A useful way to think about the task is that we are trying to transform the initial multiset of weights into a finer multiset of smaller pieces whose total sum is unchanged, and then arrange those pieces into consecutive blocks of sum exactly $k$. The cost is the number of times we cut a piece into two during this process.

The constraints are small on the number of stones, at most 100, but the cell capacity $k$ is at most 8 while individual weights can be large up to $10^6$. This combination suggests that we should not attempt to model each unit of weight explicitly. Instead, we need a greedy or structural argument that reduces the problem to a controlled simulation or dynamic packing process.

A naive interpretation would try to consider all possible ways to split each weight into arbitrary sequences of parts and then assign them to bins of size $k$. This immediately explodes combinatorially because each number can be split in exponentially many ways.

A subtle failure case for naive greedy packing arises when we try to always fill the current bin with the next available stone without considering future fragmentation cost.

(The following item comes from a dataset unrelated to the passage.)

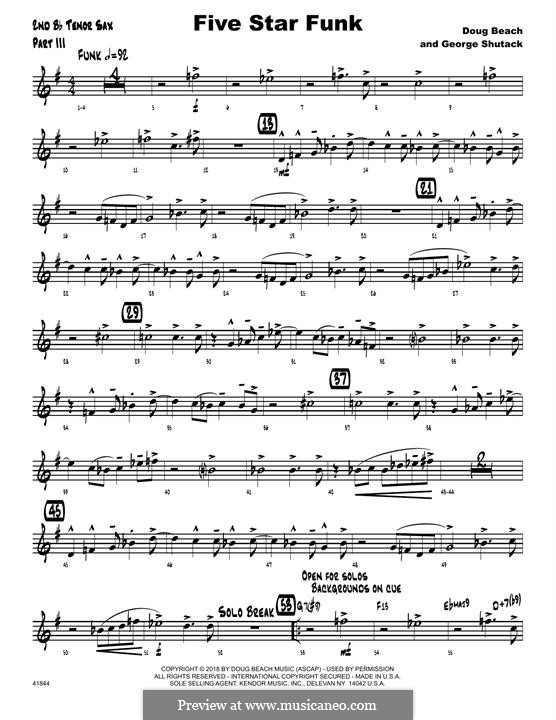 Five Star Funk: 2nd Bb Tenor Saxophone part by Doug Beach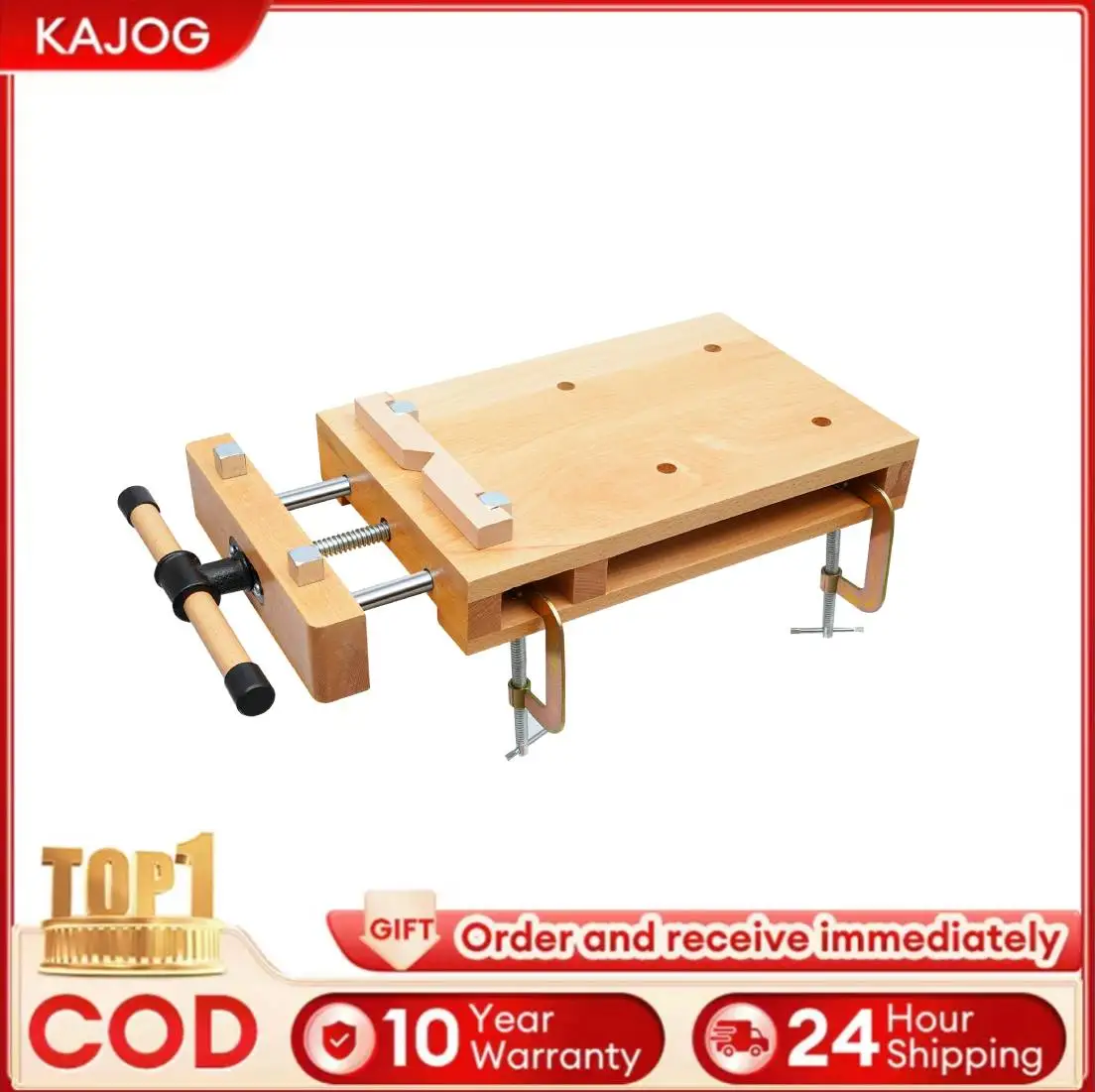 

Solid Beech Wood Vise Workbench Desktop 2 G-type fixing Clips 7.87inch for Precise Woodworking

For example, suppose $k = 5$ and we have stones $[5, 4, 4]$. If we greedily take $4$, then another $4$, we are forced to split one of them across bins, increasing cost. However, if we handle the larger stone first, we may avoid unnecessary fragmentation. This shows that order matters, and a naive FIFO strategy over input order is not safe.

Approaches

The brute-force viewpoint is to imagine every stone being split into unit pieces, and then try to group those units into segments of size $k$. This is clearly correct but completely infeasible because a single value like $10^6$ would produce a million unit elements, and we would then solve a partitioning problem over potentially millions of items.

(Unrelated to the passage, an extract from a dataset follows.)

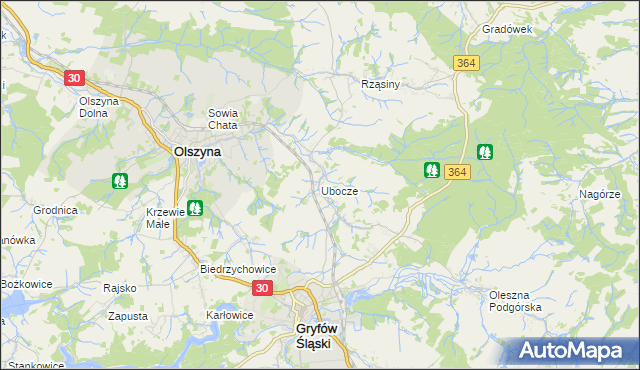 mapa Ubocze gmina Gryfów Śląski, Ubocze gmina Gryfów Śląski na mapie Targeo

We can refine this idea by noticing that splitting is only expensive when a stone crosses a bin boundary. If we imagine laying bins of length $k$ one after another on a line, each stone occupies a contiguous interval on that line. A split happens exactly when that interval crosses from one bin into the next. This reframes the problem as minimizing how often intervals cross bin boundaries under a rearrangement of intervals.

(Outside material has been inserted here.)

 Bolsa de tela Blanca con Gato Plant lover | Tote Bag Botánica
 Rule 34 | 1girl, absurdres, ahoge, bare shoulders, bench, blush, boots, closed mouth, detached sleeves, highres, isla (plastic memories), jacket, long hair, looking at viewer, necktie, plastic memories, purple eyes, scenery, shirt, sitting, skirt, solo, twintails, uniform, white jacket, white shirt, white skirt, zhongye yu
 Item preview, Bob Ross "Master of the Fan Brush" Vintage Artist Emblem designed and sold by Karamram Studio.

The key observation is that we are free to reorder stones arbitrarily before placing them along this line. This turns the problem into a greedy packing problem: we simulate filling bins sequentially, and whenever a stone does not fit into the remaining space of the current bin, we cut it at the boundary and continue in the next bin.

Because $k \le 8$, the number of boundary interactions per stone is small, and a straightforward greedy simulation is sufficient. The critical improvement over brute force is that we never explicitly represent the final small pieces, we only count how many times a stone is forced to cross a bin boundary.

The optimal strategy becomes: process larger stones first, always fill the current bin as much as possible, and cut only when necessary. Sorting in descending order prevents small fragments from being wasted early in ways that would force large future cuts.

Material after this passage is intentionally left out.